The cruise companies went ahead despite warnings in the U.S. Treasury Department’s regulations and the agency’s communications that the authorization to take travelers to Cuba was no excuse for violating other laws and regulations, the records show. They also risked doing business with Cuba despite knowing that some of the ports they would be using were the subject of property-claims disputes because they had been confiscated from their owners by the Fidel Castro government in 1960. When confronted with the evidence in court, the companies have insisted that all their dealings in Cuba were legal because cruise travel was authorized by the Obama administration as part of an ambitious overhaul of U.S. foreign policy toward the Caribbean island. Although the Cuba travel bubble was short-lived, the cruise lines’ bet paid off: The four companies brought in at least $1.1 billion in revenue from sailings to Havana between 2016 and 2019. The booming business benefited the Cuban government as well; it pocketed more than $138 million. The details of the inner workings of cruise travel to Cuba emerged in hundreds of pages of unsealed documents filed in federal court in Miami that are part of lawsuits against each of the cruise lines by an American company, Havana Docks, which claims the cruise lines were illegally using its three piers at the port of Havana that were wrongfully confiscated by the Fidel Castro government in 1960. The records include contracts, financial statements, email exchanges, legal assessments and depositions. Some were just partially referenced in PowerPoint presentations shown during a hearing that began on Jan. 12 because their full version remains under seal at the cruise lines’ request. A judge’s ruling that the companies were involved in prohibited tourism would end up confirming many Cuban-Americans and South Florida public officials’ worst fears: that the people-to-people travel was a thin veil for illegal tourism that enriched Cuba’s coffers, helping to fund a repressive regime. And such a ruling could increase the chances of a multimillion-dollar payout to Havana Docks in compensation for illegally using its property in Cuba. Ultimately, the case is also a test of Obama’s presidential authority to make foreign policy changes that some insisted crossed the limits of what was permissible under the embargo.
After several motions and delays, U.S. District Judge Beth Bloom is set to decide whether the lawsuits will go to trial. ‘THE ART OF THE CUBAN COCKTAIL’ The picture that emerged at a January hearing, when the judge agreed to unseal some of the evidence, seemed to confirm some of the worries shared by Cuban exiles about the economic opening under the Obama administration, in particular, that the “people-to-people” travel category was tourism in disguise. In the beginning, some cruise executives themselves shared the same view. In a video shown in court, recorded at the Cuba Opportunity Summit organized by Knowledge@Wharton in 2015, Norwegian President and CEO Frank del Río said he believed taking thousands of American travelers under the “people-to-people” rules was “a stretch.”

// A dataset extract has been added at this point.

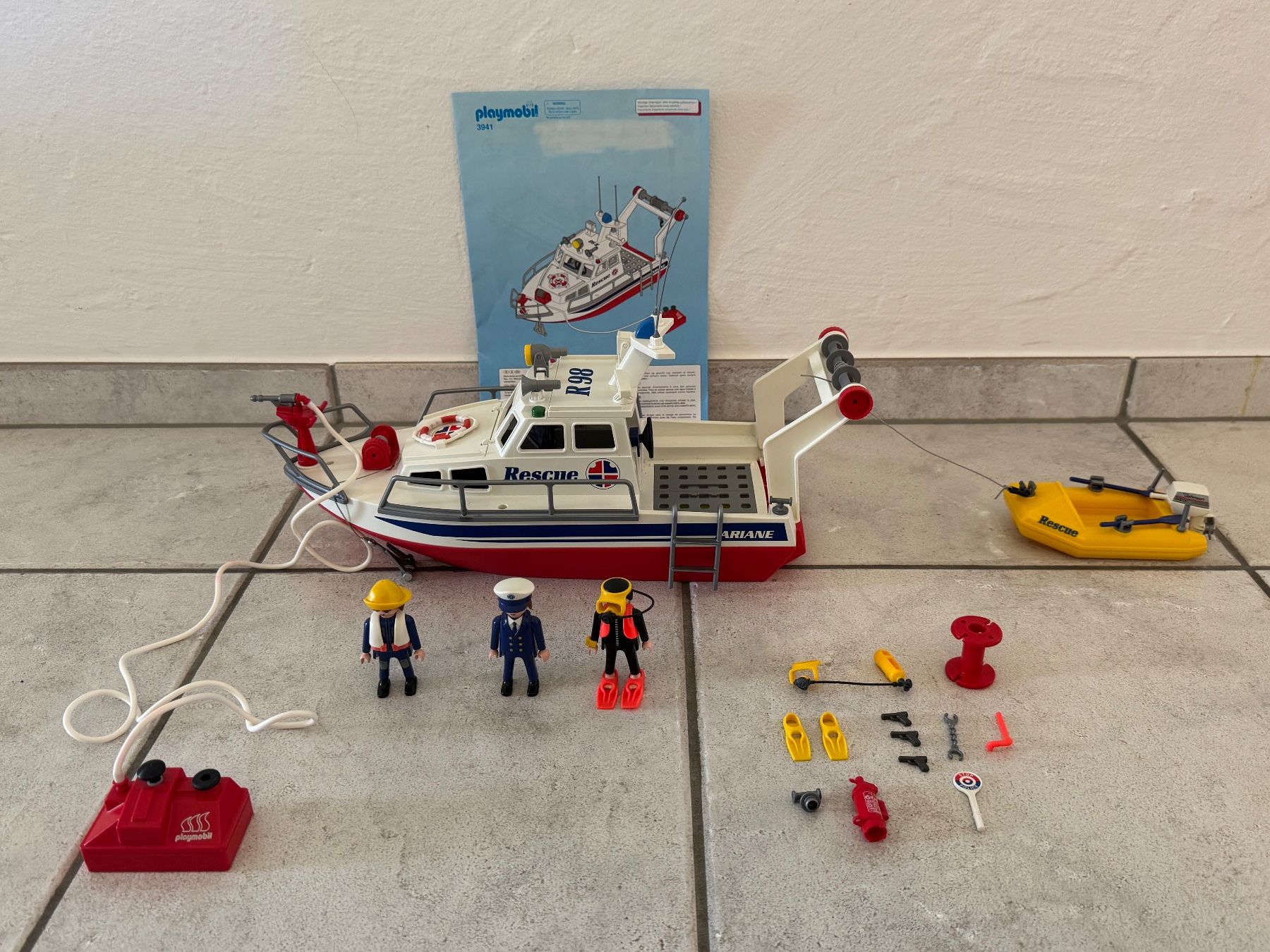 Playmobil Giocattoli: Playmobil; Rescue Rettungsboot - 3941 – Usato da Wettswil venduto da fab_72jv 3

“Tourism is still illegal under today’s set of rules and policies and guidelines,” Del Río, himself a Cuban American, said. “And it would be difficult for us to have a ship with 4,000 tourists — people, let’s call them — show up in Havana and call that people-to-people travel. That would be a stretch of the rules.” Del Río said Norwegian would not take advantage of changes in the travel regulations made by the U.S. Treasury Department at the time because other laws governing the embargo, like the 1996 Helms-Burton Act, were still in place. “My perspective is, from my three brands, until Congress officially repeals Helms-Burton, even if you can backdoor through [the Treasury Department] it wouldn’t be the proper thing to do, and I don’t think you can do it on a sustained basis. I don’t think that that backdoor or that loophole if you will, would work on a sustained basis,” he said. The Helms-Burton Act, passed by Congress in 1996, codified many of the rules that constitute the embargo against Cuba. Its Title III, enforced for the first time in 2019 by President Donald Trump, allowed Havana Docks to sue the cruise lines for using its confiscated property. Still, when the Treasury Department further eased the guidelines to explicitly allow “carrier services by vessels” in September 2015, the cruise lines, including Norwegian, jumped to do business with Cuba.

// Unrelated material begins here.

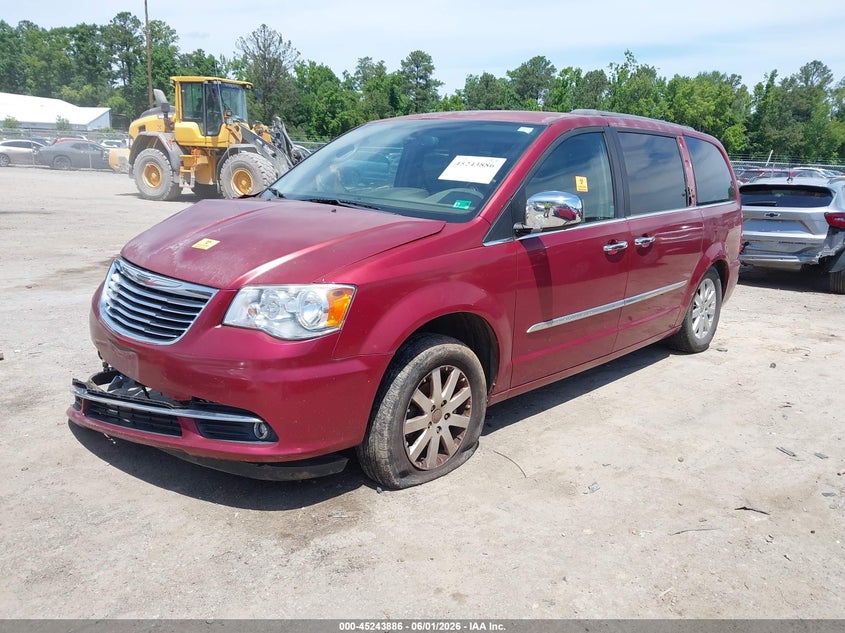 Vin: 2a4rr8dg9br713856, lot: 45741689, chrysler town & country touring-l 20112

But some of the actions taken by these four companies may have arguably gone beyond what was legal, the court records show. According to unchallenged evidence presented during the January hearing, Carnival, Royal Caribbean and Norwegian, all based in Miami, signed contracts with Havanatur, the Cuban Ministry of Tourism’s largest travel agency, for the provision of “tourist services” to their passengers, the records show. MSC Cruises did the same with Cubanacan, another government travel agency and hotel chain. “Through this agreement, the parties have stipulated the terms by which Havanatur shall sell tourist reception services in the Republic of Cuba in order to serve passengers sent by the agency,” reads the contract signed by Del Río on behalf of Norwegian, according to screenshots of the document shown in court. “The latter,” meaning Norwegian, “shall likewise make payments resulting from these services.”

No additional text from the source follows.